Description
This Roasted Butternut Squash with Goat Cheese recipe offers a delightful combination of sweet, savory, and tangy flavors. Tender, caramelized butternut squash cubes are roasted with honey and avocado oil, topped with toasted walnuts, fresh rosemary, creamy goat cheese, and vibrant pomegranate arils. This dish is perfect as a side or a light vegetarian main, delivering a beautiful balance of textures and flavors in just 45 minutes.
Ingredients
Scale
Main Ingredients
- 1 medium butternut squash (about 2 pounds)
- 3 tablespoons avocado oil
- 3 tablespoons honey
- 1 teaspoon salt
- ¼ teaspoon black pepper
- ¾ cup walnuts (or pecans, coarsely chopped)
- 2 teaspoons finely chopped fresh rosemary
- 4 ounces crumbled goat cheese
- ½ cup pomegranate arils
Instructions
- Preheat the oven: Set your oven to 400℉ (200℃) and line a large baking sheet with parchment paper to prevent sticking and make cleanup easier.
- Prepare the butternut squash: Peel the butternut squash carefully, then cut it into ½-inch cubes. You should aim for approximately 5-6 cups of cubed squash for even roasting.
- Coat the squash: In a large bowl, whisk together avocado oil, honey, salt, and black pepper. Add the cubed squash to this mixture and toss thoroughly until all pieces are well coated with the flavorful glaze.
- Roast the squash: Spread the coated squash out in a single layer on the prepared baking sheet. Bake in the preheated oven for 25 minutes until the squash starts to caramelize.
- Add nuts and continue roasting: Sprinkle the chopped walnuts evenly over the partially roasted squash. Return to the oven and roast for another 5-10 minutes, or until the nuts are fragrant and the squash has deep caramelization.

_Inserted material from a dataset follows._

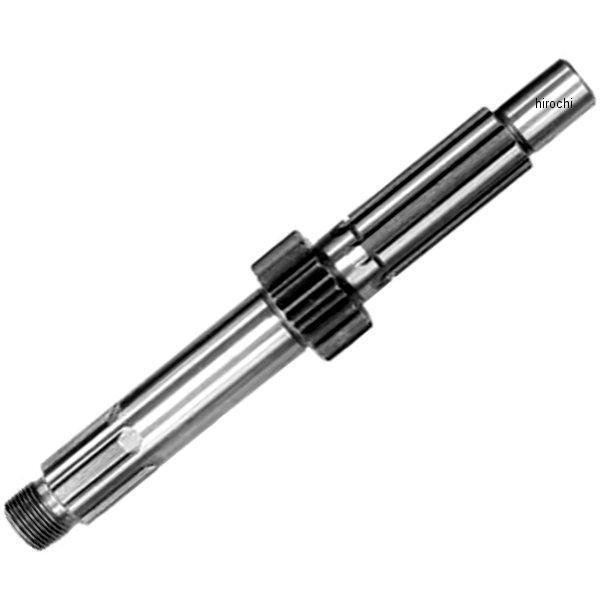 メインシャフト 13T KSR110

- Assemble the dish: Remove the baking sheet from the oven and let the squash cool slightly. Transfer the roasted squash and nuts to a large serving bowl. Sprinkle finely chopped fresh rosemary, crumbled goat cheese, and pomegranate arils over the top.

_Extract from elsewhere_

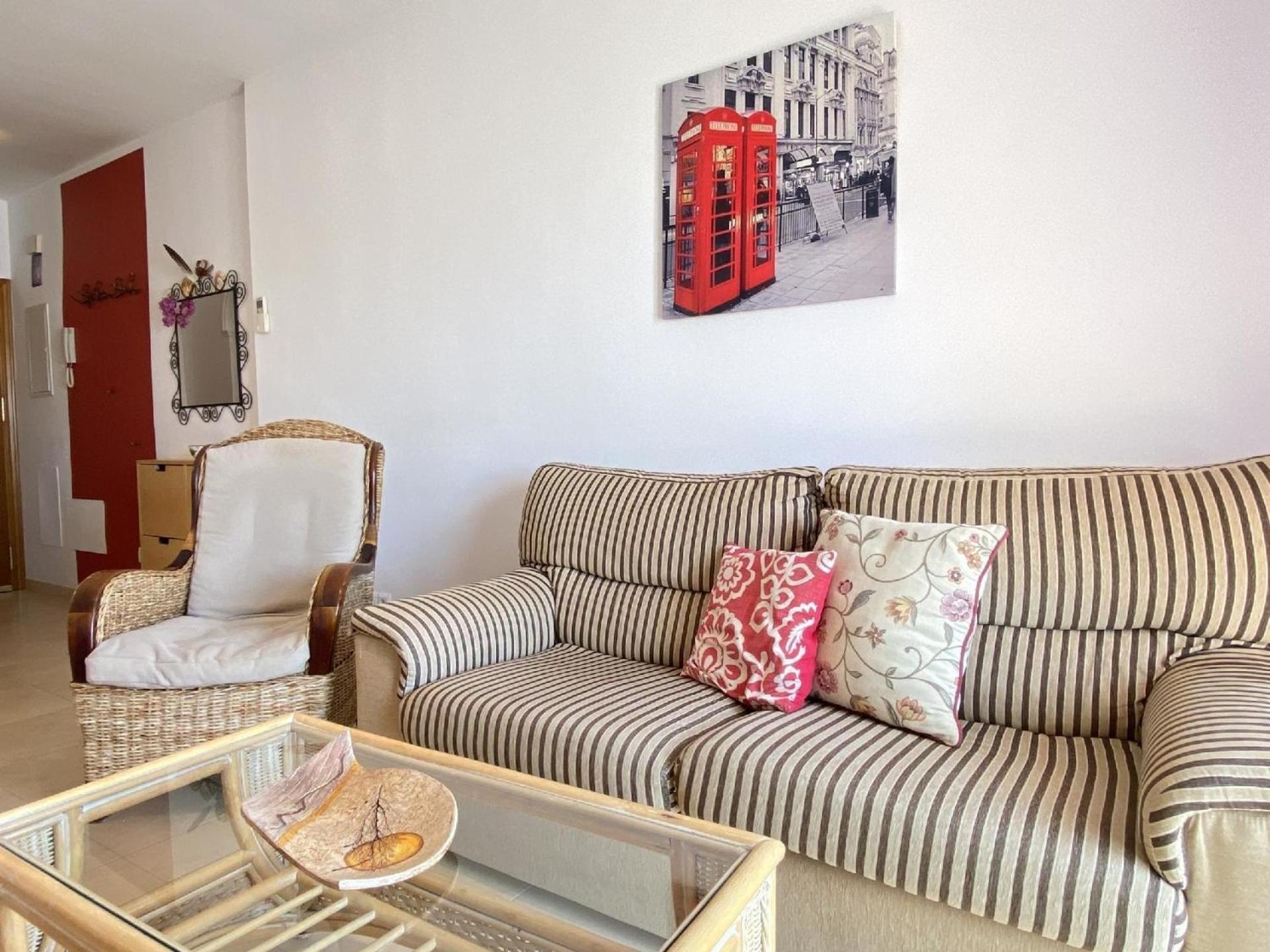 Fuer 4 Personen Ca 70 Qm In Nerja, Andalusien Costa Del Sol *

- Serve: Serve immediately to enjoy the mix of warm, sweet roasted squash combined with the creamy cheese and fresh bursts of pomegranate.
Notes
- Choose either walnuts or pecans based on your preference; both provide a nice crunch and toasted flavor.

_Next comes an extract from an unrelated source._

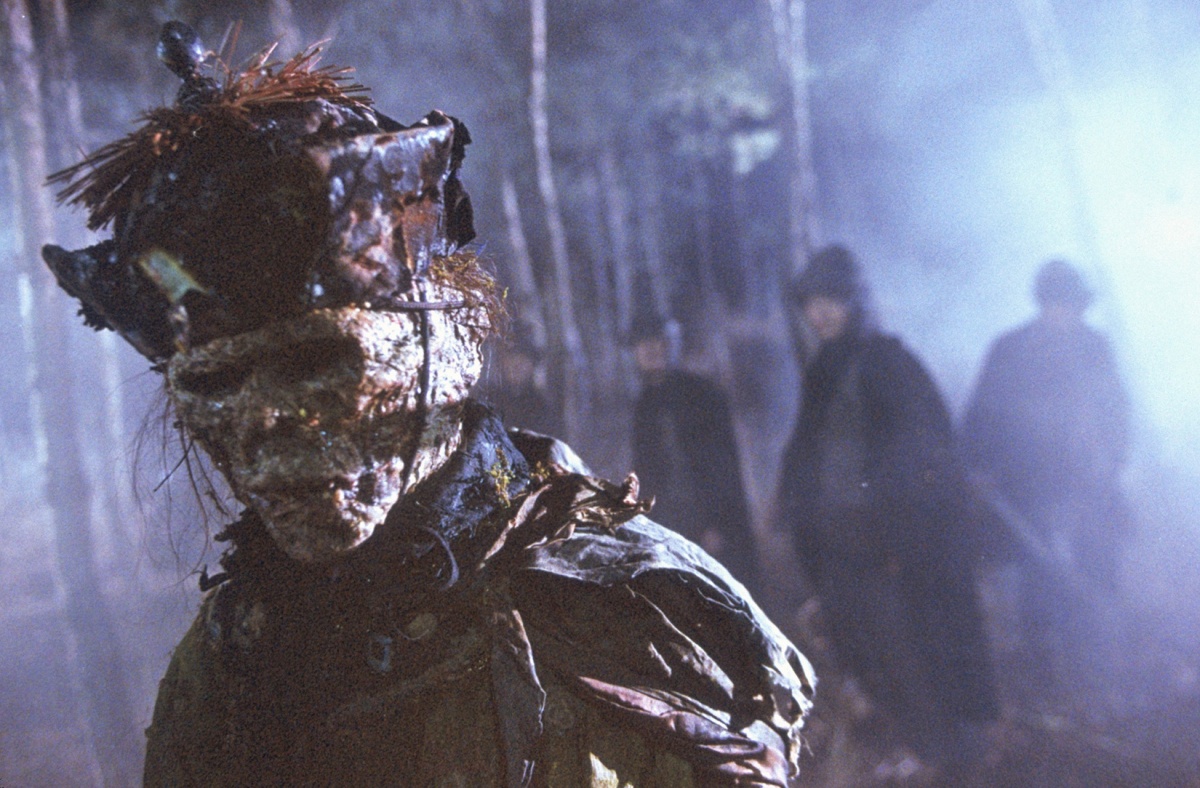 Кадры из Эра вампиров (2003)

- If you prefer a vegan version, substitute goat cheese with a plant-based cheese alternative.
- You can prepare the butternut squash cubes a day ahead and store in the refrigerator to save time.
- If pomegranate arils are unavailable, dried cranberries can be used as a substitute for a similar tangy sweetness.
- Using avocado oil is preferred for its mild flavor and high smoke point, but olive oil can also be used.